By default, this searches for any categories containing your search term: eg, Tudor will also find Tudors, Tudor History, etc. Check the 'exact' box to restrict searching to categories exactly matching your search. All searches are case-insensitive.

This is a search for tags/categories assigned to blog posts by their authors. The terminology used for post tags varies across different blog platforms, but WordPress tags and categories, Blogspot labels, and Tumblr tags are all included.

This search feature has a number of purposes:

1. to give site users improved access to the content EMC has been aggregating since August 2012, so they can look for bloggers posting on topics they're interested in, explore what's happening in the early modern blogosphere, and so on.

2. to facilitate and encourage the proactive use of post categories/tags by groups of bloggers with shared interests. All searches can be bookmarked for reference, making it possible to create useful resources of blogging about specific news, topics, conferences, etc, in a similar fashion to Twitter hashtags. Bloggers could agree on a shared tag for posts, or an event organiser could announce one in advance, as is often done with Twitter hashtags.

Caveats and Work in Progress

This does not search post content, and it will not find any informal keywords/hashtags within the body of posts.

If EMC doesn't find any <category> tags for a post in the RSS feed it is classified as uncategorized. These and any <category> 'uncategorized' from the feed are omitted from search results. (It should always be borne in mind that some bloggers never use any kind of category or tag at all.)

This will not be a 'real time' search, although EMC updates content every few hours so it's never very far behind events.

The search is at present quite basic and limited. I plan to add a number of more sophisticated features in the future including the ability to filter by blog tags and by dates. I may also introduce RSS feeds for search queries at some point.

Constructing Search Query URLs

If you'd like to use an event tag, it's possible to work out in advance what the URL will be, without needing to visit EMC and run the search manually (though you might be advised to check it works!). But you'll need to use URL encoding as appropriate for any spaces or punctuation in the tag (so it might be a good idea to avoid them).

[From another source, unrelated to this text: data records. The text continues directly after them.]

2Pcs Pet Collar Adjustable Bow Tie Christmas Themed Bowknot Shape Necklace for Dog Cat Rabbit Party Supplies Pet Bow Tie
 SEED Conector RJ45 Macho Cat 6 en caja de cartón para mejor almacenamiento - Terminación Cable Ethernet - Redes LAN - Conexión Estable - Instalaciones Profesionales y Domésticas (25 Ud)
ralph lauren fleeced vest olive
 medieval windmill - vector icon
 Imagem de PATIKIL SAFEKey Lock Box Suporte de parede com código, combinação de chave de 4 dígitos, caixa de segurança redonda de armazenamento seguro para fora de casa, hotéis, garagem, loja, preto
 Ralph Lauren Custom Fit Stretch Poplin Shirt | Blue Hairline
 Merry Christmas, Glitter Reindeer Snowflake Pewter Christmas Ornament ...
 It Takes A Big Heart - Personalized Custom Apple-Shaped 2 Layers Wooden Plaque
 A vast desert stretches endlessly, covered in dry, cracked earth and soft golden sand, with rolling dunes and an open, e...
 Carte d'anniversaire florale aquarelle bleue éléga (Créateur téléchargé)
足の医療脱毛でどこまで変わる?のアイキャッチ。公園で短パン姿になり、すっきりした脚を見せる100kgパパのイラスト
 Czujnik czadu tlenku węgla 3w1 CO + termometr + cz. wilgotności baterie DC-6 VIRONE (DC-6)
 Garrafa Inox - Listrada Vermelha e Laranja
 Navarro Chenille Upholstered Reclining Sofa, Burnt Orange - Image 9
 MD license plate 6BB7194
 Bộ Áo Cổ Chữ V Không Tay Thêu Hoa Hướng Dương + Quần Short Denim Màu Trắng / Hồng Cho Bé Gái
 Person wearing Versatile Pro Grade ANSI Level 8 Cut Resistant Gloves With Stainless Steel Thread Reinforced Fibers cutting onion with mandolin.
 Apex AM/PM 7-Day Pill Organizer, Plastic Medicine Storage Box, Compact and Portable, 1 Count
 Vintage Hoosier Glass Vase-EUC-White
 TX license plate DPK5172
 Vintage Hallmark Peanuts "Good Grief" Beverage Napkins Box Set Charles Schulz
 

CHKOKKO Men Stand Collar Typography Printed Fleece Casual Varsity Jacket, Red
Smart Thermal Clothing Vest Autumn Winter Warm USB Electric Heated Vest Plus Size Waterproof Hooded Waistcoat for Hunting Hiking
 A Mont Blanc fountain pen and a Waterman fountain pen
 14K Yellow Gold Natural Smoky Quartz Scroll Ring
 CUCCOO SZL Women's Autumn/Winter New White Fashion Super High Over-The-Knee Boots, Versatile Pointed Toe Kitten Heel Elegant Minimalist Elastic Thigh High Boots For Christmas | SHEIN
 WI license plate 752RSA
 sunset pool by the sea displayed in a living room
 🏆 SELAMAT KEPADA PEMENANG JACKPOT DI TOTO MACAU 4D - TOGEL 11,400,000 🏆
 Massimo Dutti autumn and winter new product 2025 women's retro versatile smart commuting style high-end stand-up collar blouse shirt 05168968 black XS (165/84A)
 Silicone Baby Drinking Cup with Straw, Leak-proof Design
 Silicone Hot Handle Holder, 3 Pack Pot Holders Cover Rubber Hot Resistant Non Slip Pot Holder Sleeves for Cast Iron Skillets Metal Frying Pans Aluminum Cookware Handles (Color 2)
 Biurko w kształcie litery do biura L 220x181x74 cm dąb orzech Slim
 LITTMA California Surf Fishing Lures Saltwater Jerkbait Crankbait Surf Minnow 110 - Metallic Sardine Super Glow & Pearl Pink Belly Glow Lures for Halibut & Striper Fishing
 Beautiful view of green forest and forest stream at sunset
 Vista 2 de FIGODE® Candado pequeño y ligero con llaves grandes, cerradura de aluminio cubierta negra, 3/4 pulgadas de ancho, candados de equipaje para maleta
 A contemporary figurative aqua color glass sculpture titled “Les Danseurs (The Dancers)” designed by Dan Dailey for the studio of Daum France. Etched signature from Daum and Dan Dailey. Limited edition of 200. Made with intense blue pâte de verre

This is the basic structure:

http://emc.historycarnival.org/searchcat?s={search term or phrase}

For example, the URL for a simple search for categories containing London:

http://emc.historycarnival.org/searchcat?s=london

The URL for a search for the exact category Gunpowder Plot:

http://emc.historycarnival.org/searchcat?s=Gunpowder%20Plot&exact=on

In this more complex URL, %20 is the URL encoding for a space between words and &exact=on adds the exact category requirement.

I'll do my best to ensure that the basic URL construction (searchcat?s=...) is stable and persistent as long as the site is around.